Indian luxury cars: JLR takes on the Germans
Image: Getty Images
Freelander 2 SUVs at the Jaguar Land Rover manufacturing plant in Pimpri, Pune

“Over the last five years, there has been a continuous infusion of funds into JLR, amounting to $12.28 billion,” says Sabarad. (This injection of capital was initially from Tata Motors, followed by debt, and, now, through internal funding. JLR has partly repaid Tata Motors the initial capital, he adds.) By March 2014, JLR was selling more than 100,000 cars in China, now its largest single market. It opened a new factory in China in October 2014, in a joint venture with Chery Automobile. It will be setting up a manufacturing facility in Brazil next year.

Over the past five years, JLR’s global revenues have grown at a compounded annual rate of 40 percent, according to Jain. In the fiscal year 2013-14, JLR sold more than 4.3 lakh vehicles worldwide, up 16 percent from the previous year. It set new records in 38 markets, including India and China. Jain is confident that JLR will be able to repeat its China success in India, but he predicts that it will take a decade to do so.

This slower pace of growth is a challenge that even JLR’s competitors acknowledge. BMW India’s president Philipp von Sahr tells Forbes India, “In absolute terms, India cannot compete with other high-volume single markets, yet. But the future belongs to India. If you want to benefit from the dynamics of the Indian market later, you need to act today.”

To that end, JLR has crafted an ambitious India growth strategy to battle the ‘German Big Three’ in the coming months. It is betting heavily on the Jaguar XE—popularly called ‘Baby Jag’—which will help it enter the lower end of the luxury market. The XE, whose launch was announced first in London in September 2014, is slated to hit Indian roads by December 2015-January 2016.

Why this matters? Because about 40 to 50 percent of India’s luxury car market comprises compact executive cars, including the BMW 3 Series and Mercedes C class, which start at about Rs 30 lakh. These ‘affordable luxury’ cars drive the volume of sales in India. The Baby Jag may just be a game-changer.

“Audi has about 5.5 lakh vehicle sales in the Chinese market, of which about 60 percent comes from the lower end of the luxury market where JLR has zero presence. The XE will help the company gain more brand recognition, increasing volumes and its market share,” says Jain from Morningstar. He predicts that JLR will introduce 20 products in India by 2020. It currently has 12 different cars in its existing portfolio.

Another product set to be launched by mid-2015 will be the Land Rover Discovery Sport, an SUV aimed at replacing its own Freelander. This could place car enthusiast Chauhan in a fix. “I am already getting tempted by the Discovery!” he says.

As promising as the momentum is, JLR in India will still have to overcome a few bumps.
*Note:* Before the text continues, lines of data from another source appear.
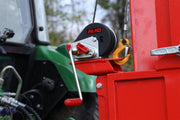 Tocator de crengi AM-200 PTO-K PRO (la tractor), cu banda de transportare , ∅ max. 200 mm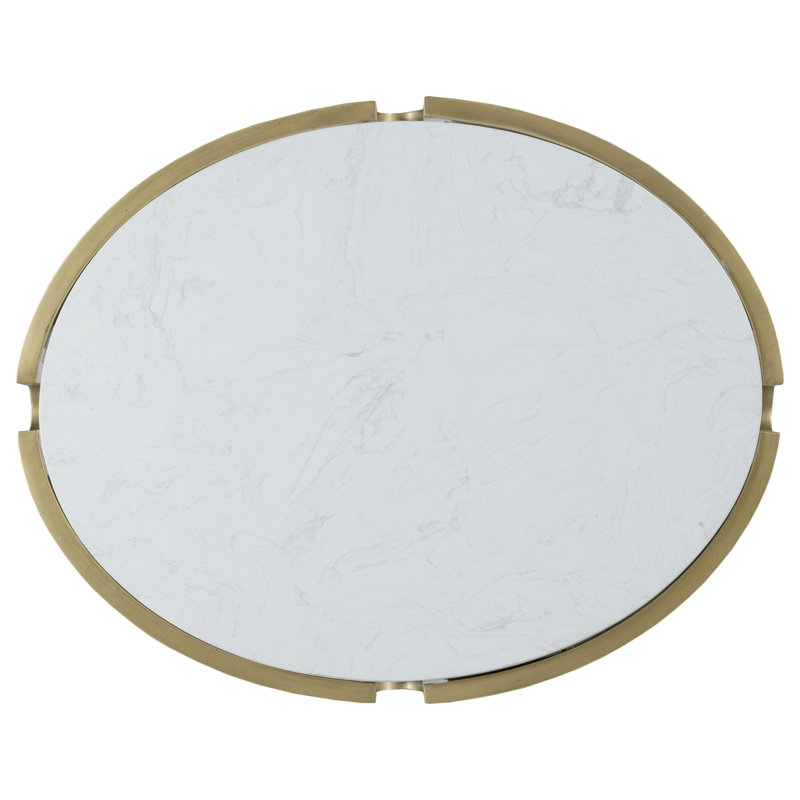 East Camden Marble End Table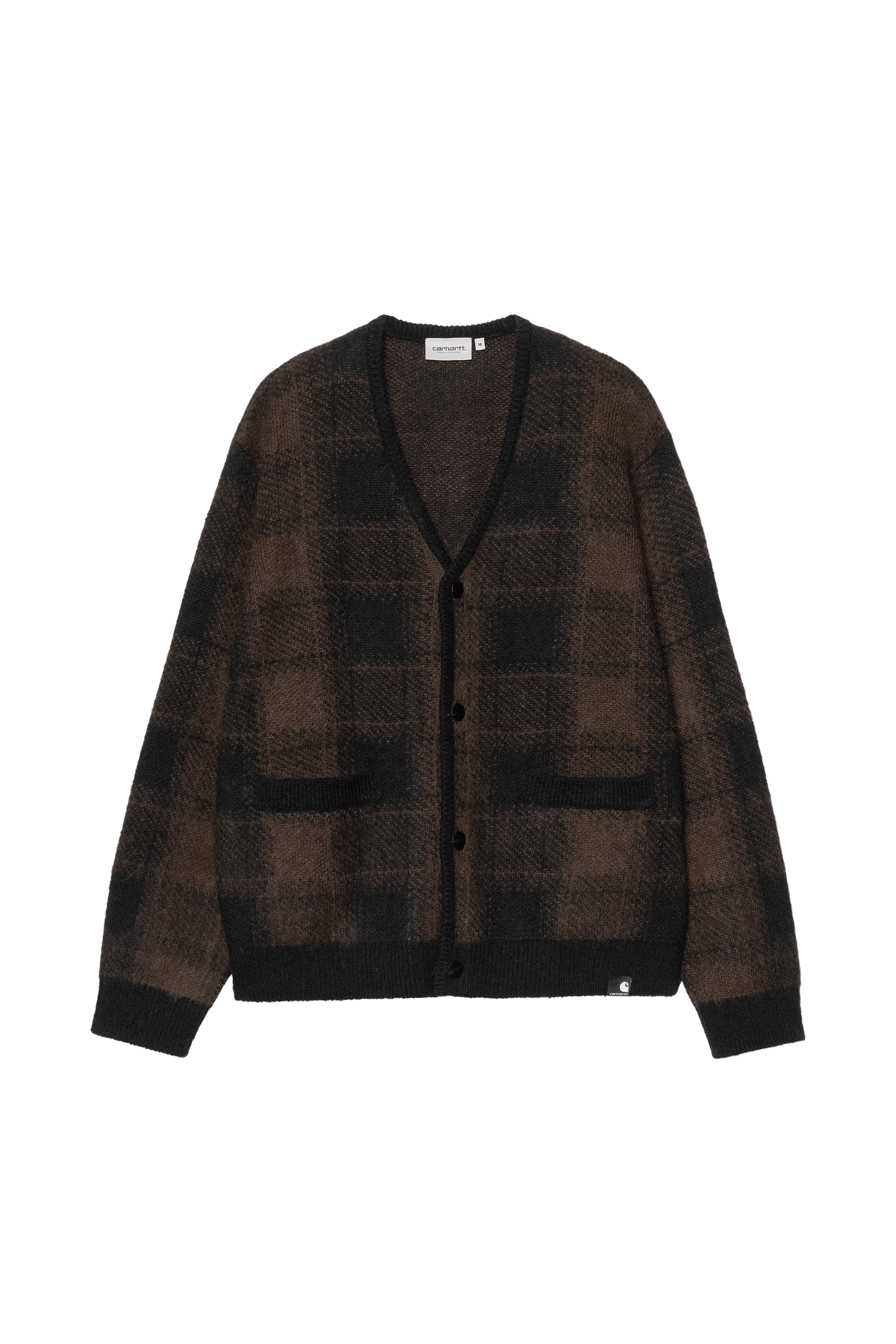 Cardigan everson cardigan CARHARTT WIP Marron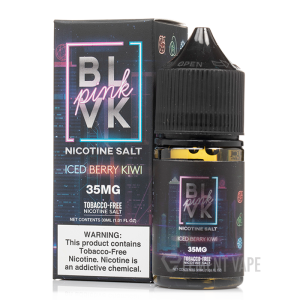 ICED Berry KIWI SALT - BLVK Pink Series - BLVK - 30mL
For one, JLR has to strengthen its dealership arm, which currently stands at 21 networks across India. Compare this to its rivals: BMW has 37 dealer networks, Audi 40 and Mercedes-Benz leads with 68.

Competition will be fierce this year with several new launches in the offing: The Indian consumer will be spoilt for choice. Audi has plans to flood the market with 10 models in 2015. “It will be an exciting period for us,” says Audi India head Joe King. “Inquiries are up 20 percent (from the same period the previous year).” Mercedes-Benz, the fastest growing in the luxury space, will begin the new year with the launch of its highly anticipated CLA-Class, a sedan aimed to take on Audi A3. Eberhard Kern, managing director and CEO, Mercedes-Benz India, says, “We will continue with our product offensive all through the year.” His confidence stems from the growth spurt for Mercedes-Benz which could end 2014 with sales of over 10,000 cars in India; it has already shown a 16 percent increase in Q3 (July-September) with sales of 7,529 cars. Meanwhile, BMW India, which had launched the all-new M3 sedan and M4 Coupe this year, will introduce the low-emission, petrol-electric hybrid BMW i8 in 2015.

All signs point to a fierce fight for the dominion of India’s roads. Suri, however, is going into top gear: He wants to break the hold that the German automakers have on India and his foot is on the accelerator. But it is also a matter of patience and determination. For JLR India, the race has only just begun.